Abstract:
The heterogeneous consequences produced by the joint effect of regulatory changes in the financial sector and the implementation of Balance Sheet Policies by the European Central Bank powerfully shed light on the nexus between funding liquidity and market liquidity in the Treasuries cash market. In fact, the introduction of Basel III and the Public Sector Purchase Program inter alia resulted in further frictions on the repo market, pushing repo rates below the Discount Facility Rate, impairing asset pricing and the price discovery process which a fortiori highlighted the scarcity channel of Unconventional Monetary Policies. In fact, tightening money markets conditions could significantly spill over into the cash market, being discounted in the yield curve, as specialness shall be priced as a convenience yield or dividend accruing to the asset owner since it embeds a lower rate in the repo market. Loosing control on the shortest part of the term structure of interest rates may hinder the pass-through of monetary policy too.

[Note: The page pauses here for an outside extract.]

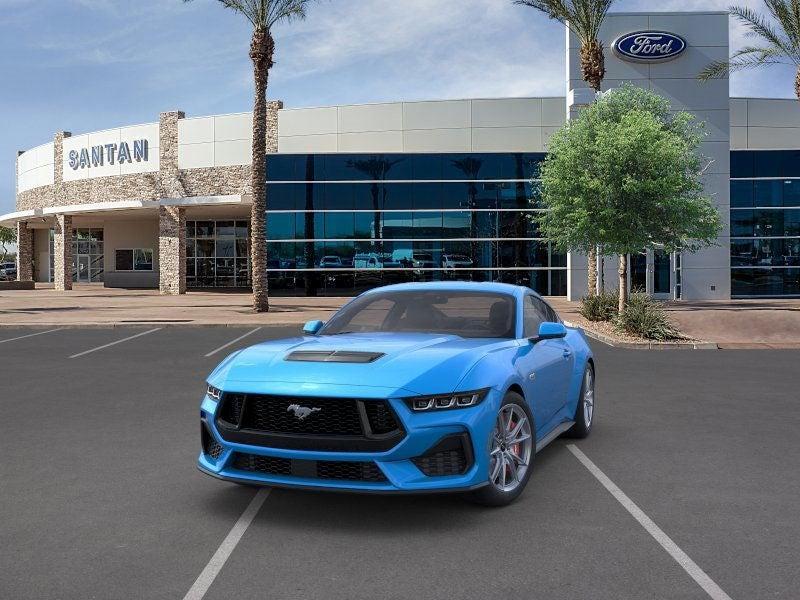 new 2024 Ford Mustang car, priced at $54,680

The objective of this thesis is to empirically analyse the relation between liquidity in the market for repurchase agreements (i.e. the Special Rate of 1-Day Tenor SC transaction) and liquidity in the secondary bond cash market. In particular, liquidity in the cash market is represented by two liquidity metrics widely employed in the literature: the Bid-Ask spread and the Noise measure of Hu et al, 2013. In turn, the effects of specialness on the yield curve are evaluated accordingly.